Guys, there comes a time when a true man has to face the facts, no matter how painful or embarrassing. That time comes a bit earlier or later for each man, but have no doubt - it DOES come, and ALWAYS by the age of 50. 

... it's time to hang up those baggy pants.



Here are a few more items you should probably avoid wearing when in public ...



Backward baseball caps - unless you're a professional baseball player 
Pants so baggy that your underwear (or lack thereof) is showing 
Sandals with socks - it's just WRONG 
Muscle shirts - unless you actually have muscles and weigh less than an F-150 
Bandanas - unless you're close friends with Willie 
The latest high-tech sneakers - paying $300 for some NBA star's name on your sneakers is silly 
Friendship bracelets / rings 
Ponytails - a sure sign of an aging hippie (I say this as a ponytail-wearer) 
Jeans so tight people can count your change and tell your religion 


Any others you can add?


----------



## That Guy (Mar 29, 2013)

You know the thing about old men wearing their (our) pants pulled up high?  I've noticed that I'm actually pulling my pants up higher and I like it . . .   What the heck is that all about?


----------



## Pricklypear (Mar 29, 2013)

Suspenders with jeans and a t-shirt.  My husband loves his.  

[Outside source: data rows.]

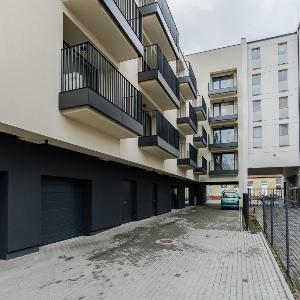 Stylowe Studio Very Berry w Poznaniu z Parkingiem i Balkonem by Noclegi Renters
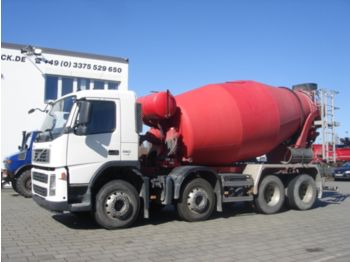 Concrete mixer truck Volvo FM 380 8X4 Betonmischer: picture 1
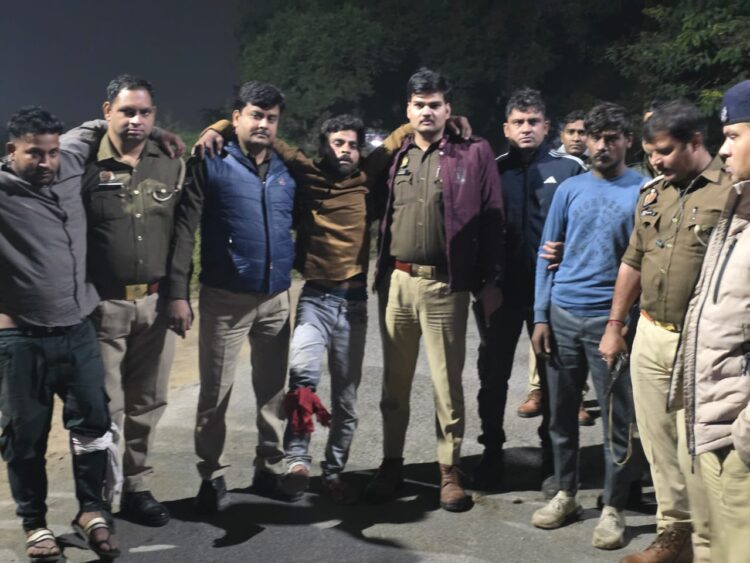 ऑटो चोरी करने वाले बड़े गैंग से एत्माउद्दौला पुलिस की मुठभेड़, दो के पैर में लगी गोली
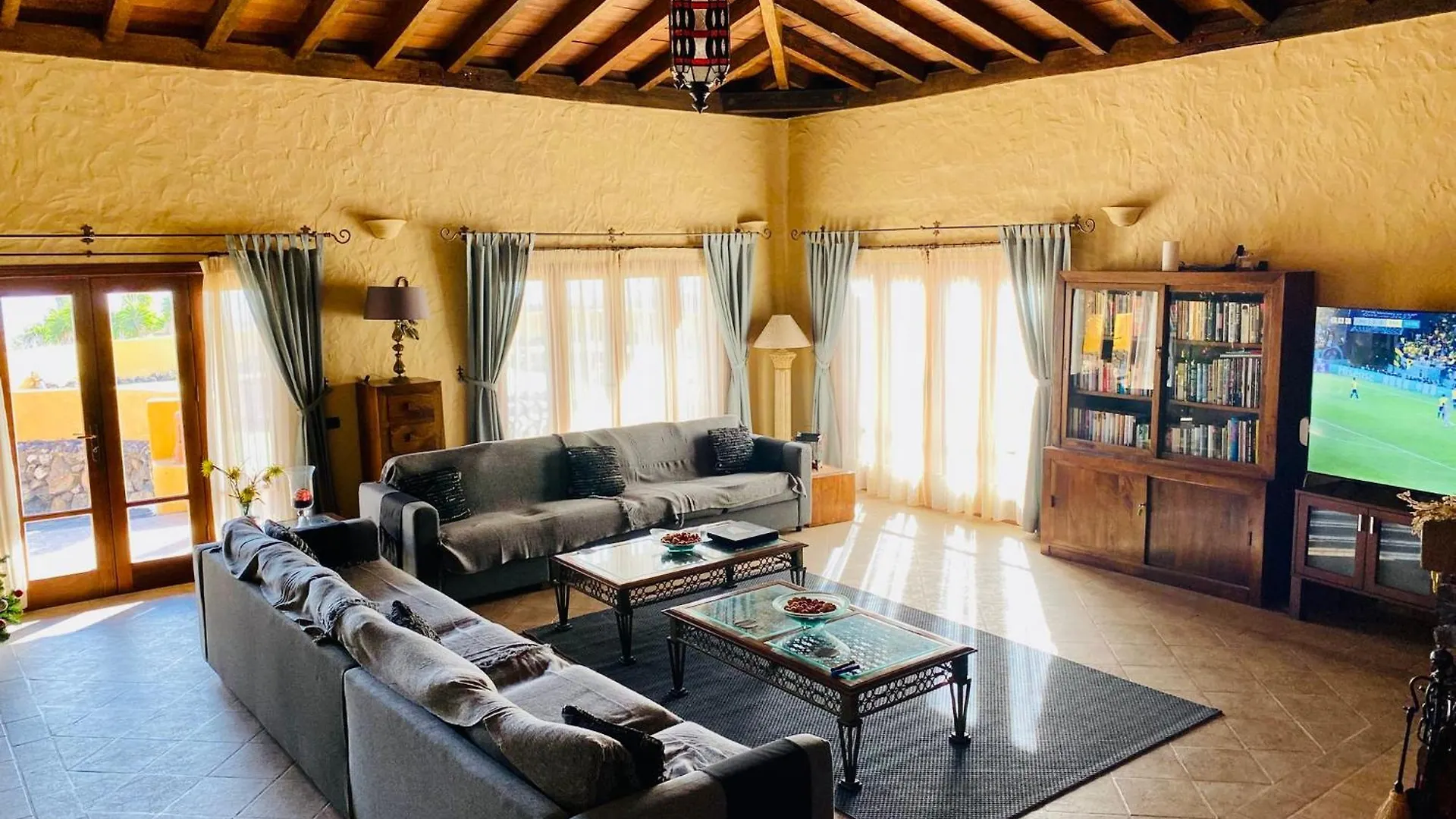 Finca Toredo Large Heated Pool,Hot Tub,Bar/Games Room,Gym,Cave, Free Wifi Atogo Villa
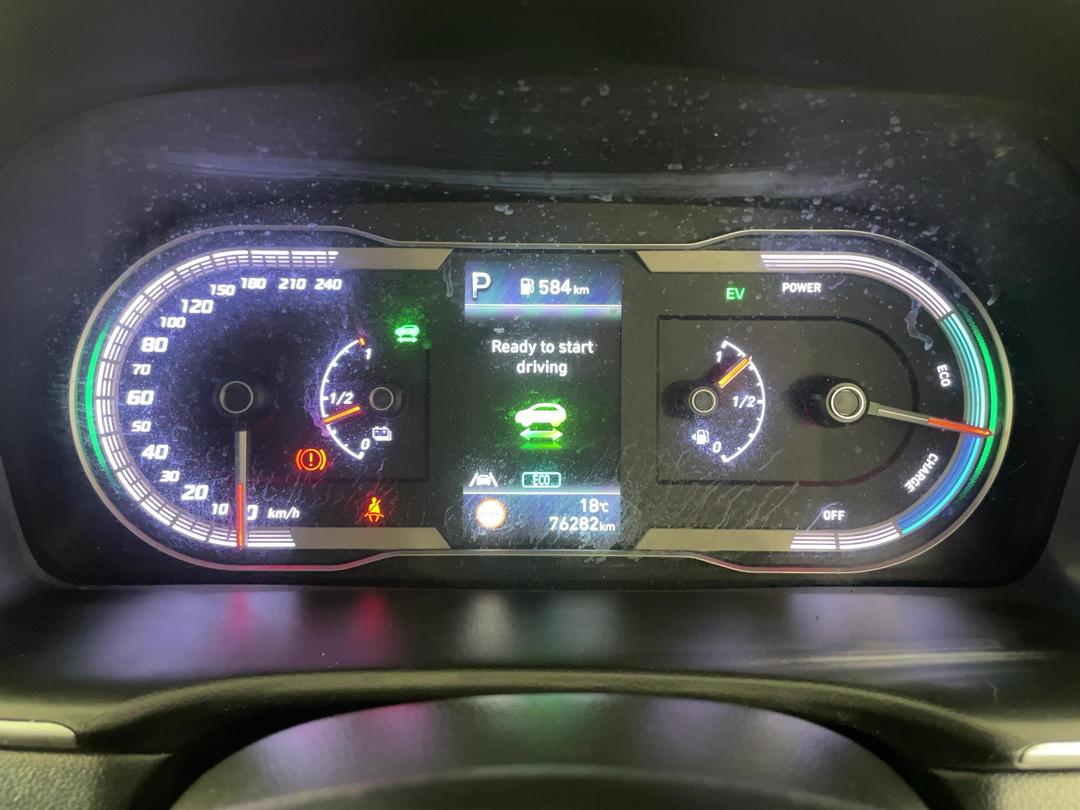 Photo '21' of Hyundai Tucson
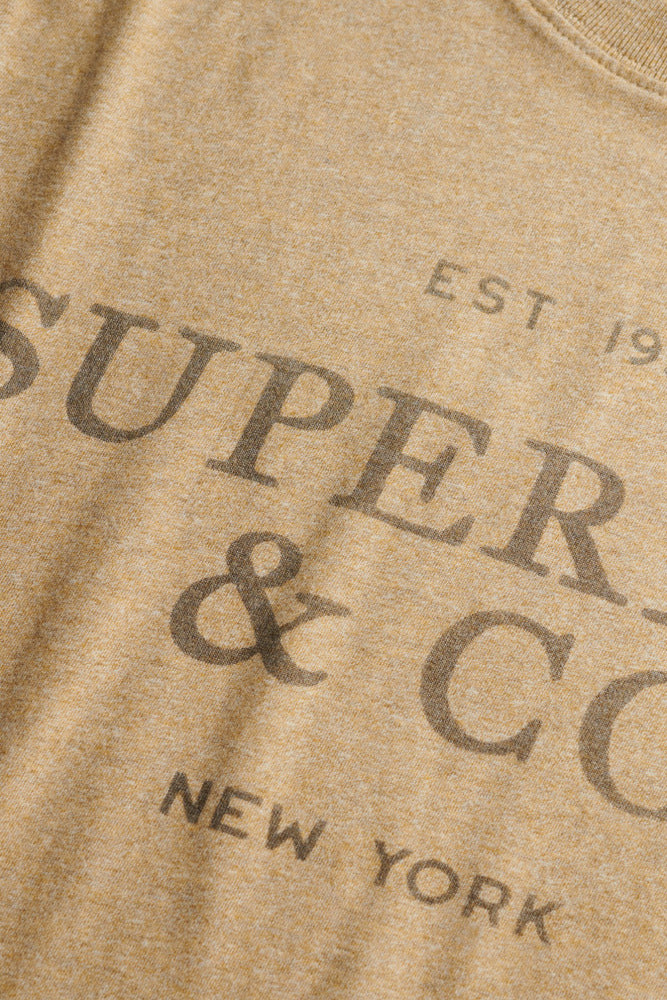 T-shirt med print på brystet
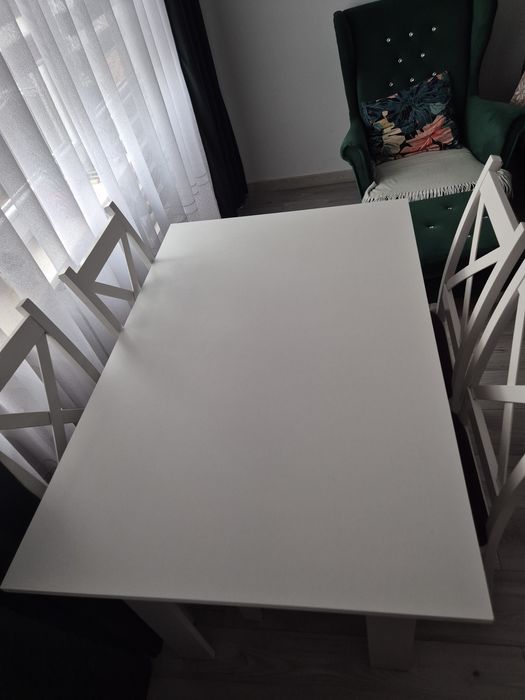 Stół + 4 krzesła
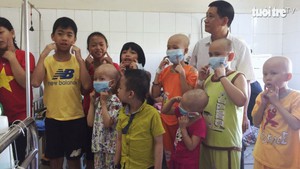 150 suất học bổng cho bệnh nhi ung thư khỏi bệnh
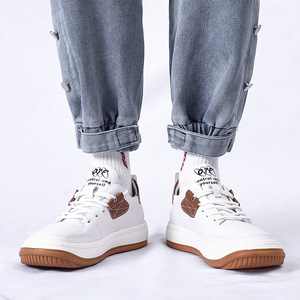 Zapatillas de deporte blancas de piel de vaca personalizadas para hombre, zapatos transpirables de una pieza a la moda con forro de malla de invierno con diseño de payaso de cabeza torcida - Product Image 3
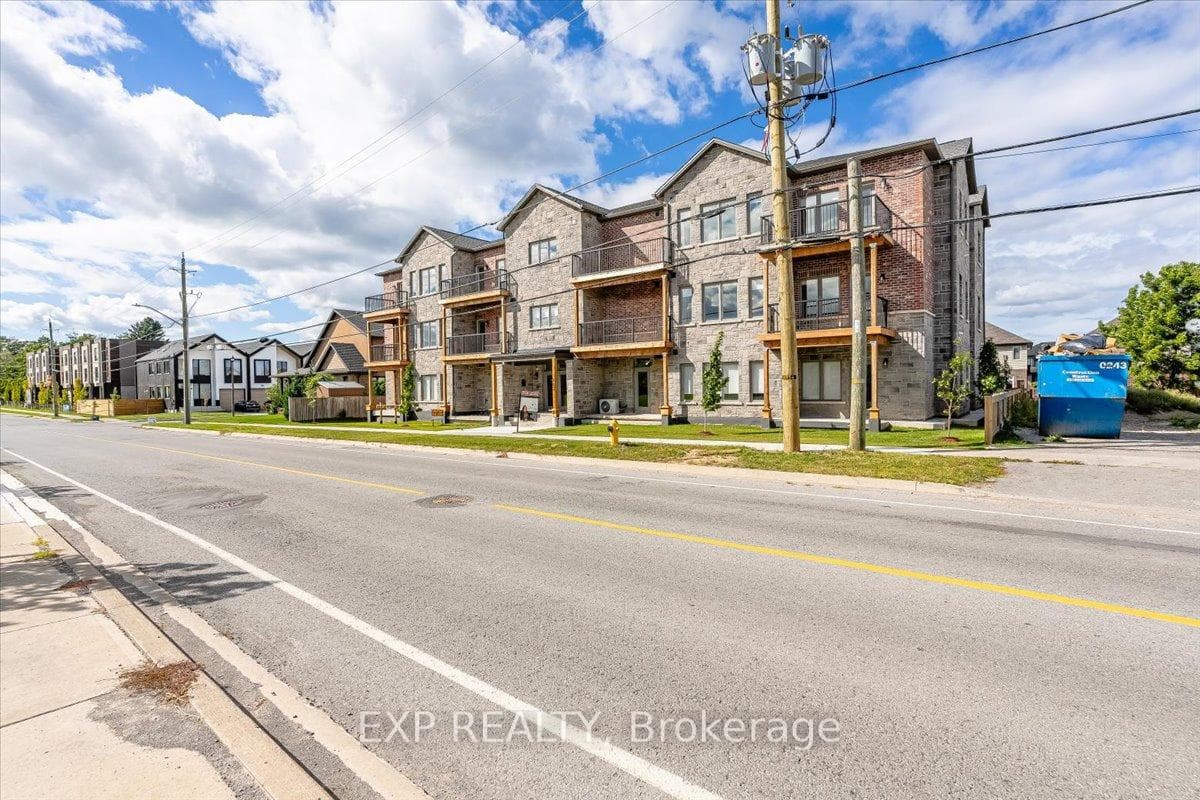 163 Port Robinson Road Unit 201 photo 1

I didn't see this coming when I fell in love with this man 47 years ago.


----------



## That Guy (Mar 29, 2013)

Yeah, suspenders . . . I'm gettin' there.  One of these days, good-bye belt and hello wearin' my pants way up high with suspenders . . . RED ones!


----------



## SifuPhil (Mar 29, 2013)

That Guy said:


> You know the thing about old men wearing their (our) pants pulled up high?  I've noticed that I'm actually pulling my pants up higher and I like it . . .   What the heck is that all about?



I'm not really sure why that happens - lately I've been being fed so much rich food that my pants are getting tighter, so they're beginning to ride lower. The alternative would be to pull them UP, I guess.

Maybe it's because we shrink as we get older? 

ETA: I'll be darned - I'm right! - *Aging Changes in Body Shape*


----------



## Pricklypear (Mar 30, 2013)

That Guy said:


> Yeah, suspenders . . . I'm gettin' there.  One of these days, good-bye belt and hello wearin' my pants way up high with suspenders . . . RED ones![/QUOTE
> 
> You can buy those red suspenders at Sears or Walmart.  One guess how I know that.


----------



## That Guy (Mar 30, 2013)

Pricklypear said:


> That Guy said:
> 
> 
> > Yeah, suspenders . . . I'm gettin' there.  One of these days, good-bye belt and hello wearin' my pants way up high with suspenders . . . RED ones![/QUOTE
> ...


----------



## SifuPhil (Mar 30, 2013)

Pricklypear said:


> You can buy those red suspenders at Sears or Walmart.  One guess how I know that.



But you also have to buy the blue flannel shirt, baggy beige pants and brown penny loafers (WITH the penny!).


----------